David Heinemeier Hansson, Rewrite!
Inevitavelmente a melhor prática de hoje não vai ser a melhor amanhã, e certamente no futuro vamos ter melhores ferramentas que hoje. Dez anos de existência para um software é uma eternidade e certamente vários problemas que eram resolvidos de uma forma na sua idealização são resolvidos de formas melhores hoje.
É sabedoria popular que em time que está ganhando não se mexe. Ao mesmo tempo, quando for hora de mexer porque o time começou a perder, o impulso é de se mexer o mínimo possível. Eventualmente faz mais sentido re-escrever. Recomeçar. Colocar novas idéias, novas ferramentas e novos conceitos em prática, mas não apenas porque são novos: porque eles aumentam o valor entregue e viabilizam a continuidade do negócio. Do contrário a concorrência vai usar as novas idéias dela e seu modelo tradicional vai por água abaixo.
Simplesmente trocar uma aplicação pela outra também é um problema. Como tudo está sendo feito do zero, é mandatório fazer as coisas co-existirem por um tempo para que as pessoas consigam conhecer a nova solução, e participar do desenvolvimento dela sugerindo o aperto do ocasional parafuso e tenham tempo para se adaptar.
Antes agora do que nunca
Telltale Games foi um estúdio responsável pela cultuada adaptação da série de TV The Walking Dead no jogo de 2012 que vendeu 28 milhões de episódios no mundo todo. O jogo The Walking Dead foi revolucionário no gênero point and click incorporando uma estrutura episódica e uma jogabilidade mais orientada às decisões tomadas pelo jogador e as consequências imediatas de suas ações como deixar um personagem morrer em favor de outro e a narrativa prosseguir evidenciando o peso da decisão, e impactos mais duradouros como escolhas que impactam positiva ou negativamente a atitude de outros personagens e afetam seu comportamento em situações futuras.

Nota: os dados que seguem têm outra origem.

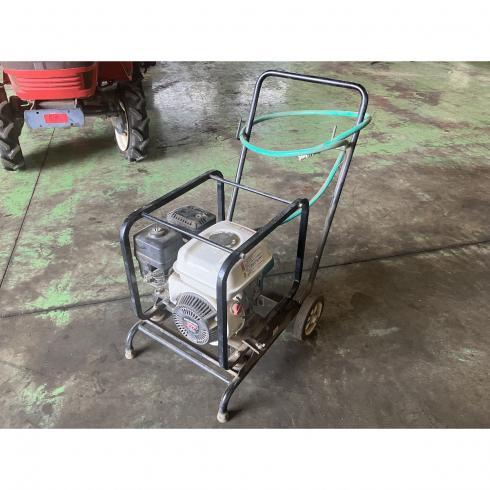 丸山 エンジン式高圧洗浄機 写真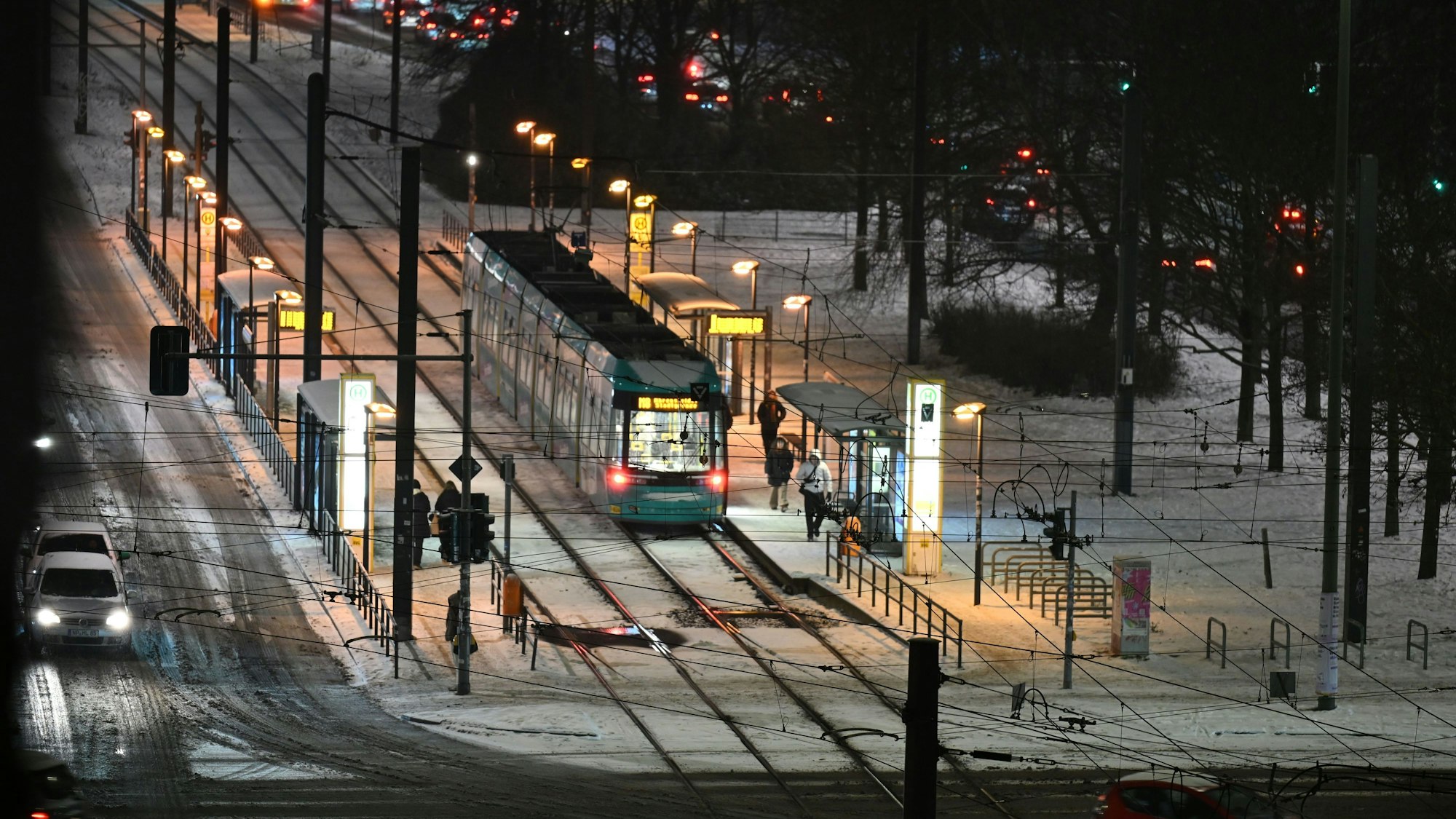 In Berlin musste der Straßenbahnverkehr wegen vereister Oberleitungen eingestellt werden.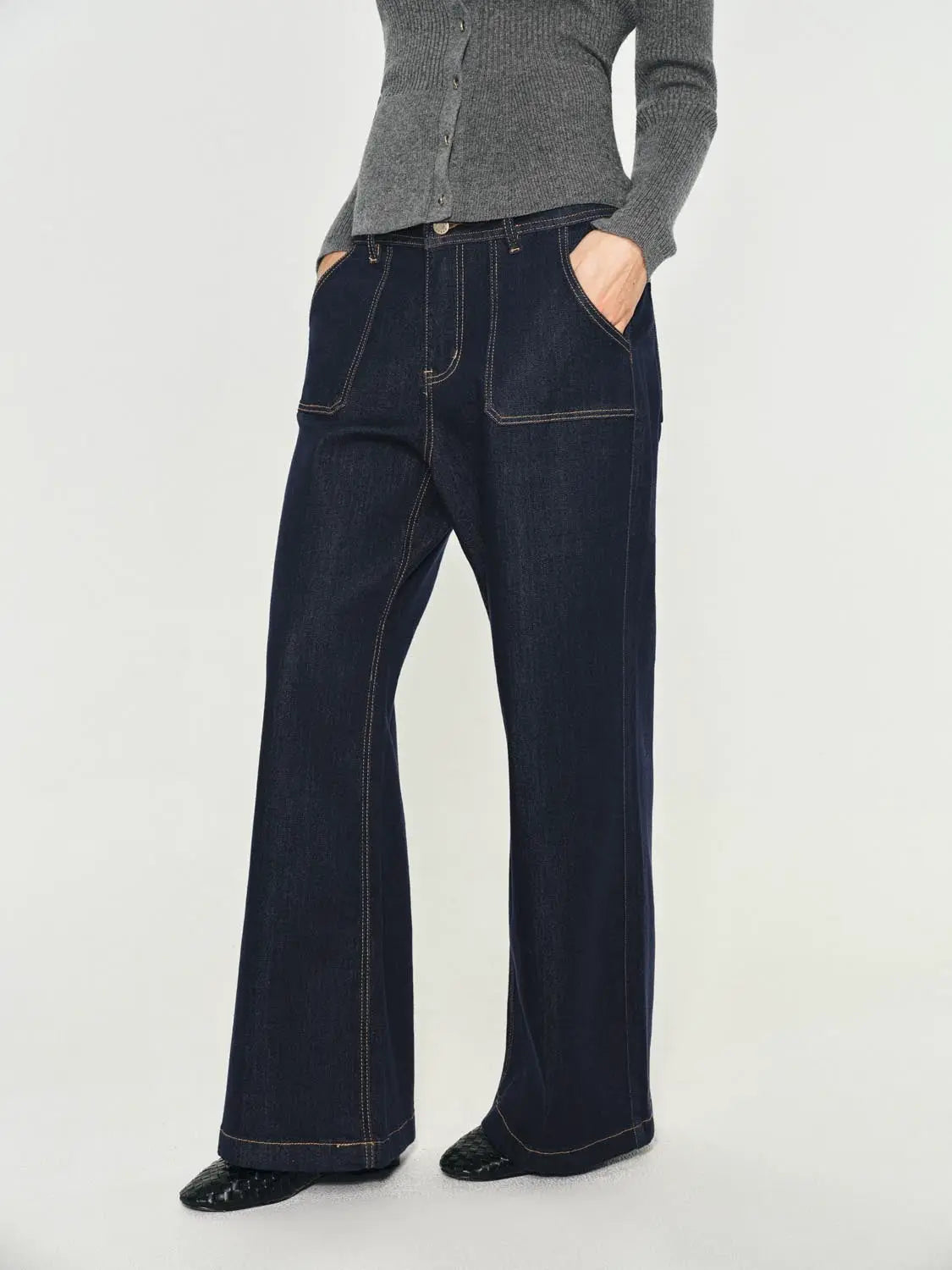 Jeans by Urban Revivo Fashion, dark indigo denim wide-leg with contrast stitching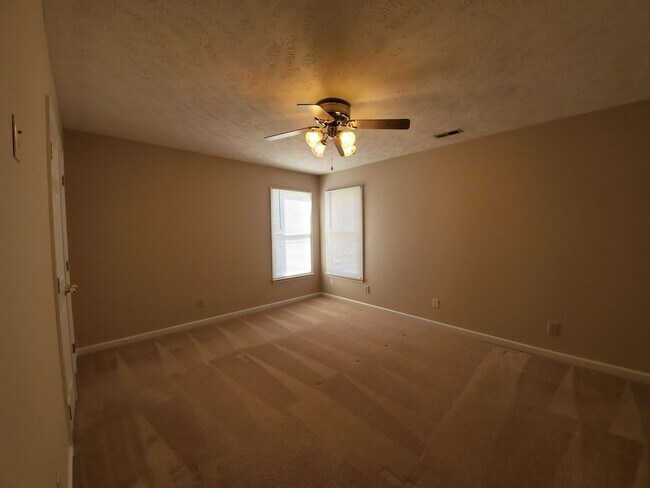 Building Photo - 8714 Tangletree Dr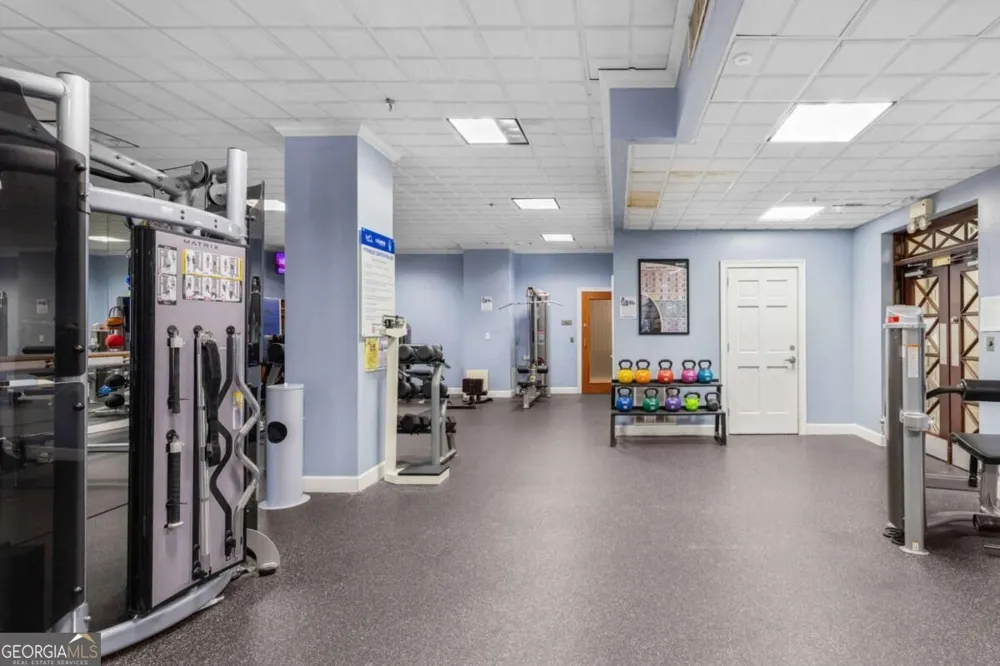 795 Hammond DR Sandy Springs, GA 30328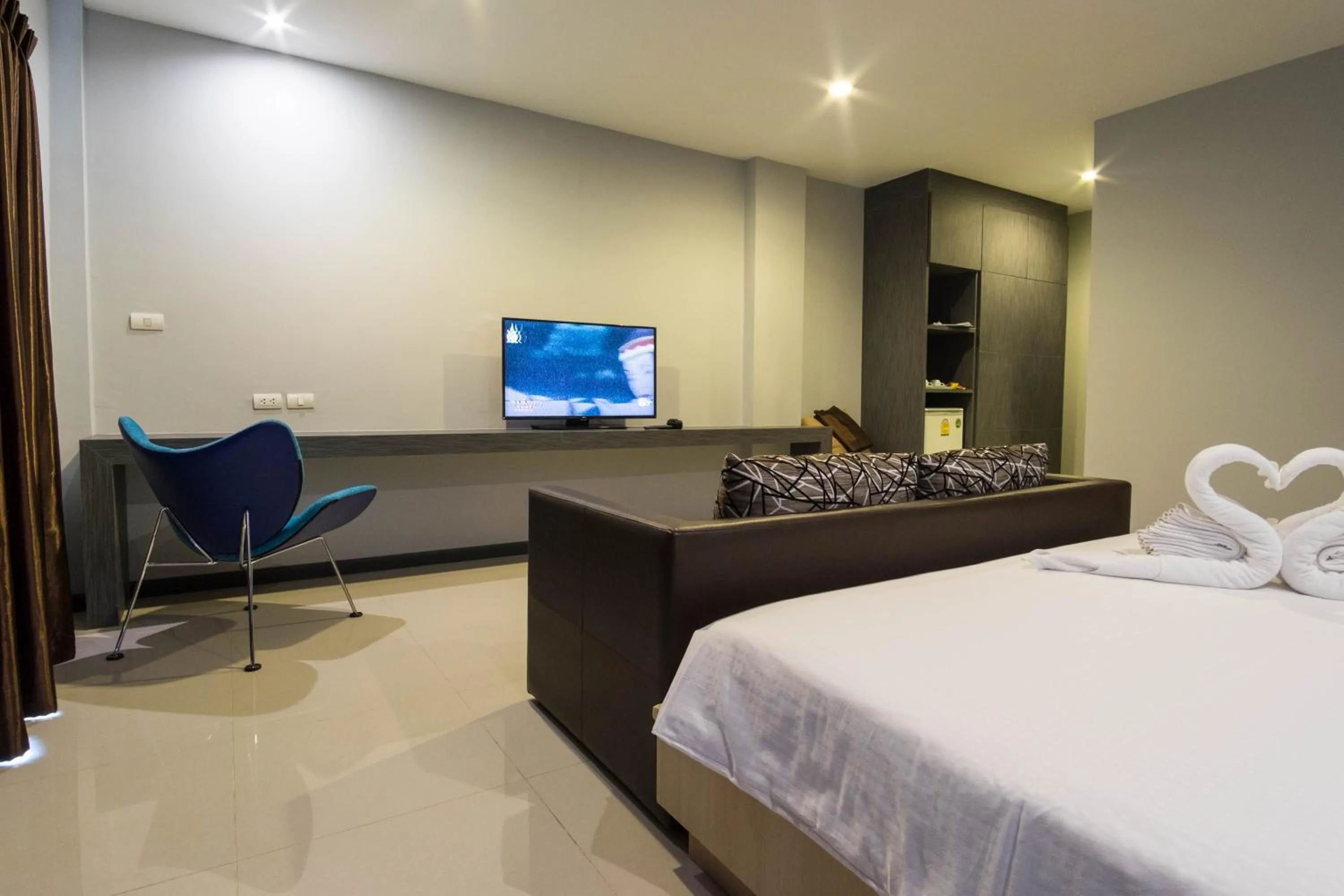 TV and multimedia, Bed in FX Hotel Pattaya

Ainda assim após essa onda de sucesso em novembro de 2017 a empresa mandou embora 90 de seus funcionários (então 25% do total). E esses foram os sortudos que puderam receber alguma compensação e tiveram tempo de se despedir, porque em uma tarde de setembro de 2018 todo o restante da empresa foi demitido com o aviso de que deveriam deixar o prédio nos próximos 30 minutos. Fontes internas dizem que a diretoria da empresa estava tão obcecada com a idéia que eles teriam uma fórmula mágica em mãos e eles acabaram por não diversificar seu portifólio e investir pesadamente nas mesmas mecânicas de jogo com o mesmo estilo gráfico e a mesma construção de enredo, insistindo em publicar uma série de produtos praticamente idênticos a uma ideia então revolucionária mas após tantos anos de uso e abuso, batida.
Independente da escala usada, é necessário mudar. Mudar para um melhor produto, para pagar menos para entregar valor, ou porque não, para revolucionar sua indústria.
Precisamos especialmente não nos tornarmos também vítimas da inércia ativa: temos como organização uma tendência a seguirmos os mesmos padrões de comportamento que sempre seguimos mesmo em resposta a dramáticas mudanças em nosso ambiente. Somos previsíveis. E tudo o que precisamos combater interna e externamente está a nossa frente e é conhecido e estamos muito bem informados. É necessário mudarmos nossa forma de pensar e agir, do contrário, estaremos nos debatendo mais e mais e no fim não daremos o passo para fora do fosso de areia movediça que estamos, e nos enterraremos mais nele.